Course materials for General Assembly's Data Science course in Washington, DC (8/18/15 - 10/29/15).
Instructor: Kevin Markham
Tuesday | Thursday |
---|---|
8/18: Introduction to Data Science | 8/20: Command Line and Version Control |
8/25: Data Reading and Cleaning | 8/27: Exploratory Data Analysis |
9/1: Visualization Project Discussion Deadline |
9/3: Machine Learning Project Question and Dataset Due |
9/8: Getting Data | 9/10: K-Nearest Neighbors |
9/15: Basic Model Evaluation | 9/17: Linear Regression |
9/22: First Project Presentation | 9/24: Logistic Regression |
9/29: Advanced Model Evaluation | 10/1: Naive Bayes and Text Data |
10/6: Natural Language Processing | 10/8: Kaggle Competition, Draft Paper Due |
10/13: Decision Trees | 10/15: Ensembling |
10/20: Regularization and Clustering, Peer Review Due |
10/22: Course Review |
10/27: Final Project Presentation | 10/29: Final Project Presentation |
- Install Git.
- Create an account on the GitHub website.
- It is not necessary to download "GitHub for Windows" or "GitHub for Mac"
- Install the Anaconda distribution of Python 2.7x.
- If you choose not to use Anaconda, here is a list of the Python packages you will need to install during the course.
- We would like to check the setup of your laptop before the course begins:
- You can have your laptop checked before the intermediate Python workshop on Tuesday 8/11 (5:30pm-6:30pm), at the 15th & K Starbucks on Saturday 8/15 (1pm-3pm), or before class on Tuesday 8/18 (5:30pm-6:30pm).
- Alternatively, you can walk through the setup checklist yourself.
- Once you receive an email invitation from Slack, join our "DAT8 team" and add your photo.
- Practice Python using the resources below.
- Codecademy's Python course: Good beginner material, including tons of in-browser exercises.
- DataQuest: Teaches Python in the context of data science.
- Google's Python Class: Slightly more advanced, including hours of useful lecture videos and downloadable exercises (with solutions).
- A Crash Course in Python for Scientists: Read through the Overview section for a quick introduction to Python.
- Python for Informatics: A very beginner-oriented book, with associated slides and videos.
- Python Quick Reference Guide: My beginner-oriented guide that demonstrates Python concepts through short, well-commented examples.
- Beginner and intermediate workshop code: Useful for review and reference.
- Python Tutor: Allows you to visualize the execution of Python code.
- Welcome from General Assembly staff
- Course overview (slides)
- Introduction to data science (slides)
- Discuss the course project: requirements and example projects
- Types of data (slides) and public data sources
- Wrap up: Slack tour, submission forms
Homework:
- Work through GA's friendly command line tutorial using Terminal (Linux/Mac) or Git Bash (Windows).
- Read through this command line reference, and complete the pre-class exercise at the bottom. (There's nothing you need to submit once you're done.)
- Watch videos 1 through 8 (21 minutes) of Introduction to Git and GitHub.
- If your laptop has any setup issues, please work with us to resolve them by Thursday.
Resources:
- For a useful look at the different types of data scientists, read Analyzing the Analyzers (32 pages).
- For some thoughts on what it's like to be a data scientist, read these short posts from Win-Vector and Datascope Analytics.
- Quora has a data science topic FAQ with lots of interesting Q&A.
- Keep up with local data-related events through the Data Community DC event calendar or weekly newsletter.
- Review the command line pre-class exercise (code)
- Git and GitHub (slides)
- Intermediate command line
- Wrap up: Course schedule, office hours
Homework:
- Complete the homework exercise listed in the command line introduction:
- Create a Markdown file that includes your answers and the code you used to arrive at those answers.
- Add this file to a GitHub repo that you'll use for all of your coursework.
- Submit a link to your repo using the homework submission form.
- Review the code from the beginner and intermediate Python workshops.

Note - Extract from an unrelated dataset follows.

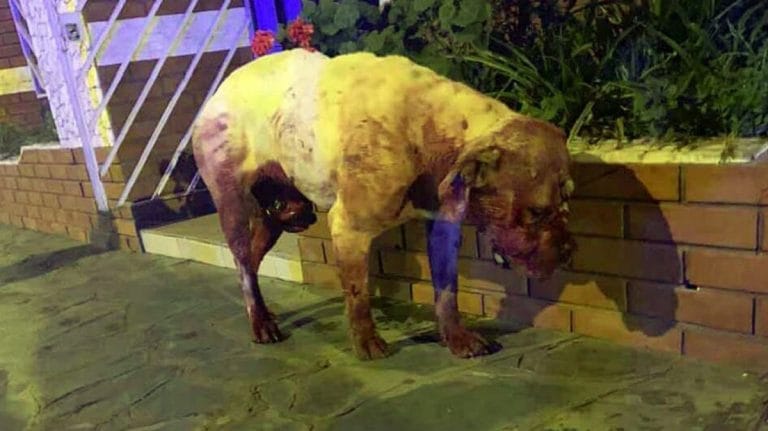 Horror en Villa Ballester: denunciaron a un vecino que torturó y mató a su perro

If you don't feel comfortable with any of the content (excluding the "requests" and "APIs" sections), you should spend some time this weekend practicing Python:
- If you like learning from a book, Python for Informatics has useful chapters on strings, lists, and dictionaries.
- If you prefer interactive exercises, try these lessons from Codecademy: "Python Lists and Dictionaries" and "A Day at the Supermarket".

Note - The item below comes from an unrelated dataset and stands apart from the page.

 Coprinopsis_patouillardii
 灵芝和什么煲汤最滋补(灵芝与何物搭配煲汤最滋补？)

- If you have more time, try missions 2 and 3 from DataQuest's Learning Python course.
- If you've already mastered these topics and want more of a challenge, try solving Python Challenge number 1 (decoding a message) and send me your code in Slack.
- To help you think about your own project, watch What is machine learning, and how does it work? (10 minutes) and browse through some more example student projects.
Git and Markdown Resources:
- Pro Git is an excellent book for learning Git. Read the first two chapters to gain a deeper understanding of version control and basic commands.
- If you want to practice a lot of Git (and learn many more commands), Git Immersion looks promising.
- If you want to understand how to contribute on GitHub, you first have to understand forks and pull requests.
- GitRef is my favorite reference guide for Git commands, and Git quick reference for beginners is a shorter guide with commands grouped by workflow.
- Markdown Cheatsheet provides a thorough set of Markdown examples with concise explanations. GitHub's Mastering Markdown is a simpler and more attractive guide, but is less comprehensive.
Command Line Resources:
- If you want to go much deeper into the command line, Data Science at the Command Line is a great book. The companion website provides installation instructions for a "data science toolbox" (a virtual machine with many more command line tools), as well as a long reference guide to popular command line tools.
- If you want to do more at the command line with CSV files, try out csvkit, which can be installed via
pip
.